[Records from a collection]
·····

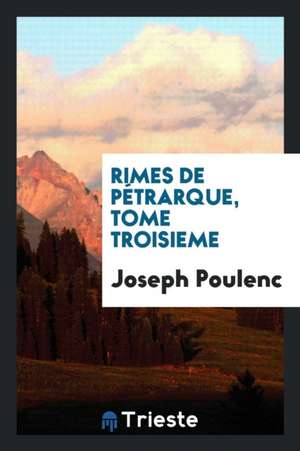 Rimes de Pétrarque, Tome Troisieme de Joseph Poulenc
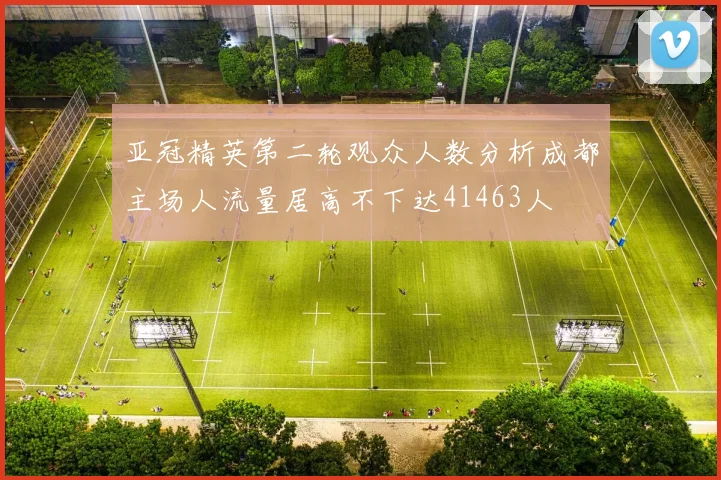 亚冠精英第二轮观众人数分析成都主场人流量居高不下达41463人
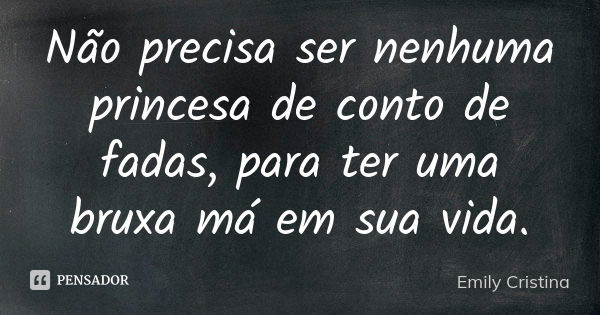 Não precisa ser nenhuma princesa de conto de fadas, para ter uma bruxa má em sua vida.... Frase de Emily Cristina.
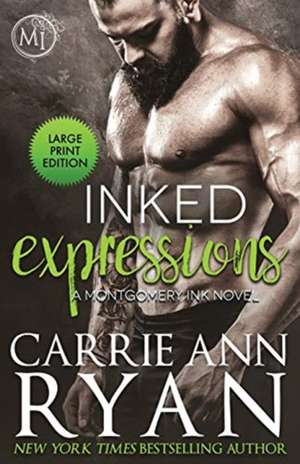 Inked Expressions de Carrie Ann Ryan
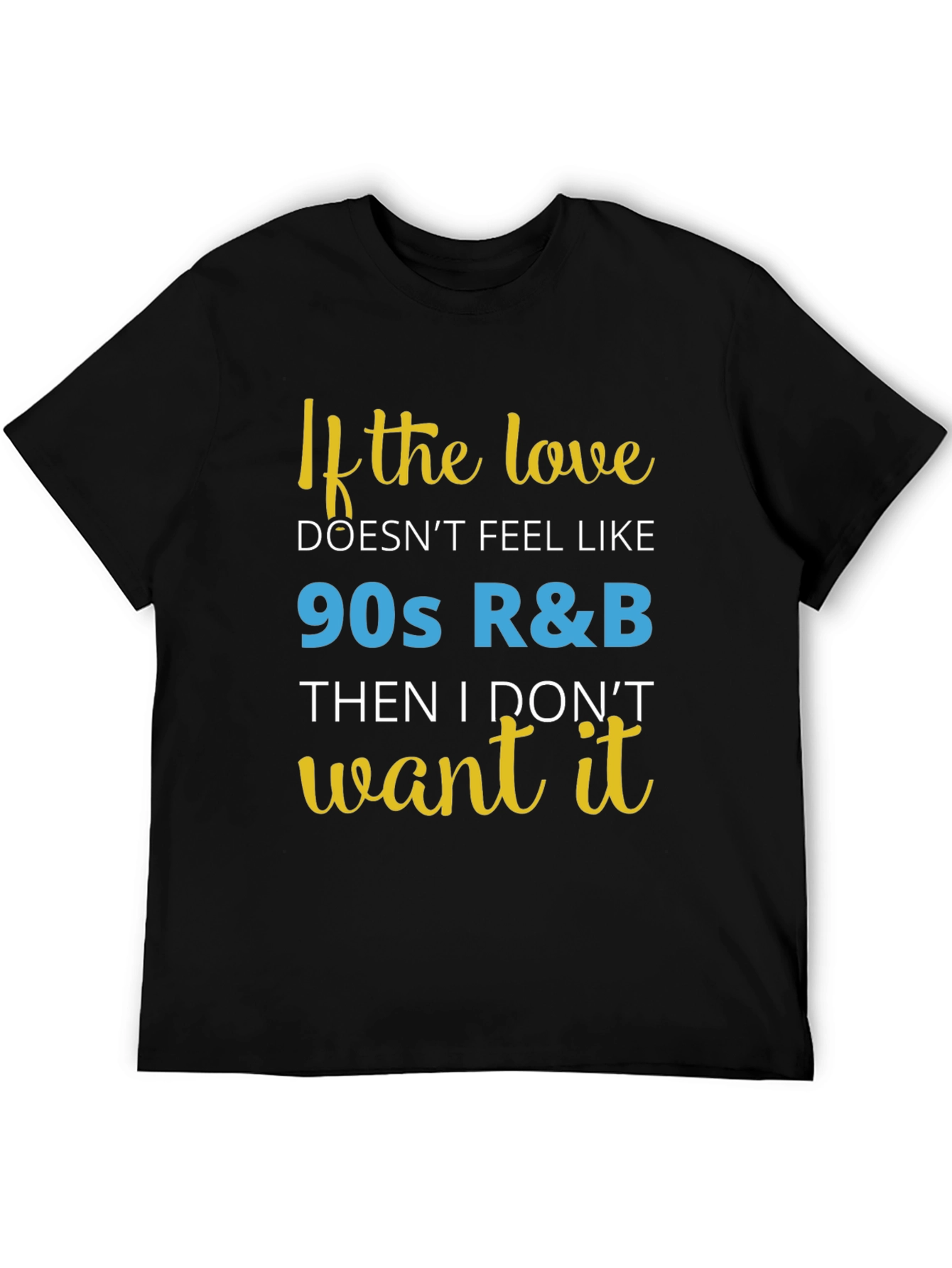 90s R&B Music Lover T-Shirt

·····

• **Activity**:
Although the records include pictures, the copy should reproduce every line exactly and none of the pictures.

• **Answer section**:
 Rimes de Pétrarque, Tome Troisieme de Joseph Poulenc
 亚冠精英第二轮观众人数分析成都主场人流量居高不下达41463人
 Não precisa ser nenhuma princesa de conto de fadas, para ter uma bruxa má em sua vida.... Frase de Emily Cristina.
 Inked Expressions de Carrie Ann Ryan
 90s R&B Music Lover T-Shirt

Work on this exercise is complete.